- Church: Episcopal Church
- Diocese: West Tennessee
- Elected: November 17, 2018
- In office: 2019–present
- Predecessor: Don Edward Johnson

Orders
- Ordination: July 9, 2008 by Charles Jenkins
- Consecration: May 4, 2019 by Michael Curry

Personal details
- Born: March 8, 1964 (age 62) Lansing, Michigan, United States
- Denomination: Anglican
- Alma mater: Harvard University

= Phoebe Alison Roaf =

American prelate (born 1964)

Phoebe Alison Roaf (born March 8, 1964) is an American prelate who is the fourth and current Bishop of West Tennessee.

==Early life and education==
Phoebe Alison Roaf was born on March 8, 1964, in Lansing, Michigan. She is the oldest of four children born to Andree Layton Roaf, the first Black woman to serve on the Arkansas Supreme Court, and Clifton Roaf, a dentist. Her brother Willie is a member of the Pro Football Hall of Fame. The family returned to her father's home of Pine Bluff when Roaf was five and she was raised attending Grace Episcopal Church, where she became involved in the youth group and then the state diocese's youth group.

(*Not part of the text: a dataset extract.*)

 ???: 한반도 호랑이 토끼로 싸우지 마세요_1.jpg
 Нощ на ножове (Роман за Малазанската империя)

Roaf completed a bachelor's degree in history at Harvard University and then a master's degree in public policy at Princeton. She later earned a Juris Doctor degree from the University of Arkansas Little Rock School of Law.

In 2008, Roaf graduated from Virginia Theological Seminary with a Masters of Divinity.

==Career==
Roaf worked as a researcher and analyst for the Joint Legislative Audit and Review Commission in Virginia and for other ventures in Philadelphia, for six years. After law school, she clerked for Judge James L. Dennis of the Court of Appeals Fifth Circuit (New Orleans) for two years, before working in commercial real estate in New Orleans. She left in 2005 to enroll in seminary.

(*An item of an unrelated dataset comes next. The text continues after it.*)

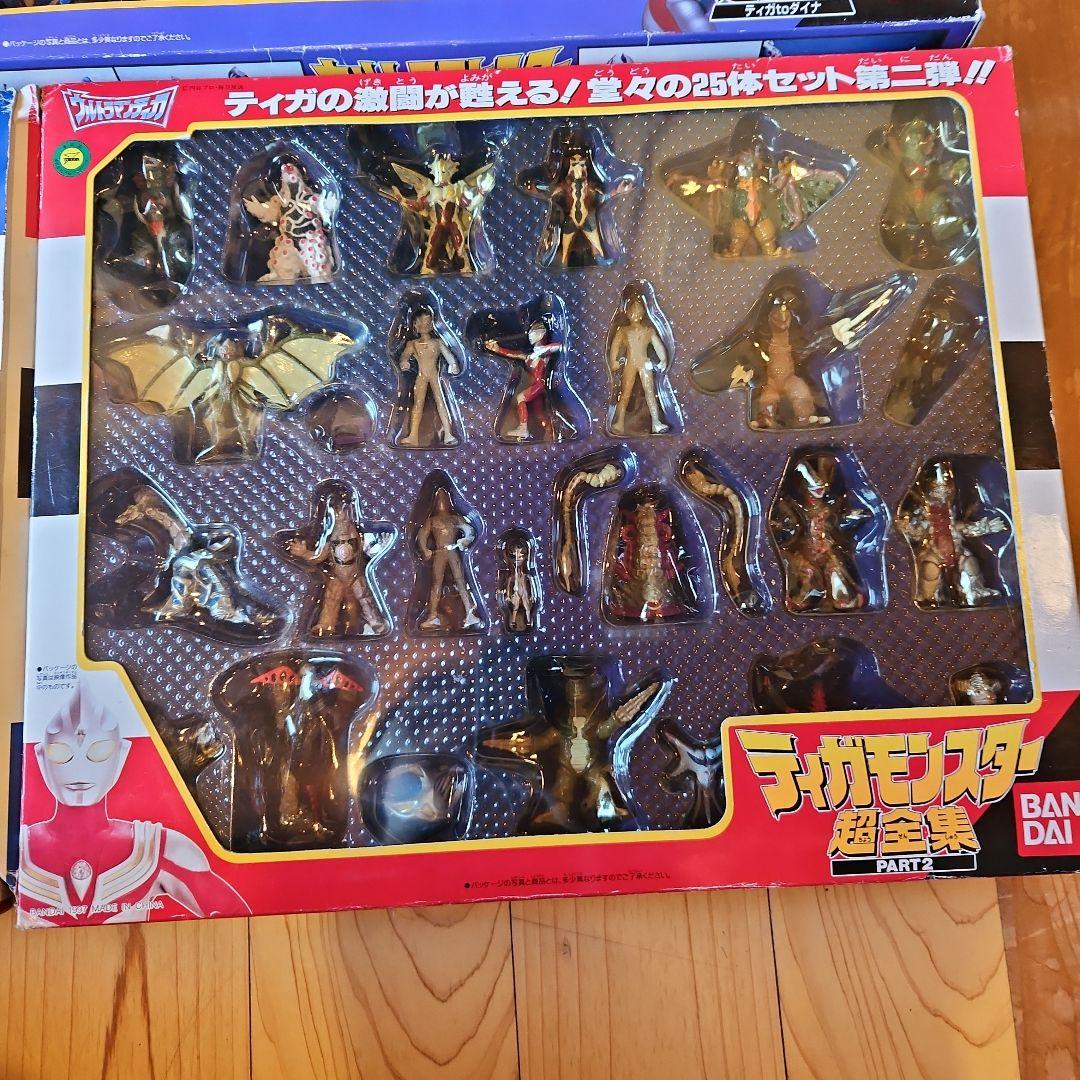 ウルトラマンティガ ティガモンスター　ウルトラモンスター　超全集　4個セット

In 2008, Roaf became the first African American woman to be ordained a priest in the Diocese of Louisiana. She was ordained at age 41, and is known to parishioners as "Mother Phoebe". She served as associate rector at Trinity Episcopal Church in New Orleans, where she was the first person of color to serve as a priest. She was called as rector of St Philip's Episcopal Church in Richmond in 2011, the first woman rector in the church's 150 year history.

In November 2018, Roaf was chosen as the Fourth Bishop of West Tennessee by a vote of delegates to the Annual Diocesan Convention. There were three women on the ballot. She was consecrated bishop on May 4, 2019, at Hope Church (a congregation of the Evangelical Presbyterian Church) in Memphis, used because of its large facilities, something no area Episcopal parish had. At the time of her election as bishop she was rector of St. Philip's Episcopal Church in Richmond, Virginia, the largest historically African American Episcopal Church in Virginia.

Roaf is the first woman and the first African American to serve as bishop in West Tennessee, or in any of Tennessee's Episcopal dioceses, and the fifth woman bishop in the history of the Episcopal Church. She was consecrated by Presiding Bishop Michael B. Curry, who said "“To be sure, she and the people of West Tennessee are making history as she is the first woman as well as the first African American to hold such a position. But the real history-making moment is the hope ... She was elected because she is a woman committed to Jesus of Nazareth and His way of love. And that way of love is the way to life for us all, Black or white, Anglo or Latino, rich or poor, liberal or conservative, gay or straight, old or young. And that is a sign of hope for our country and our world. That’s history!”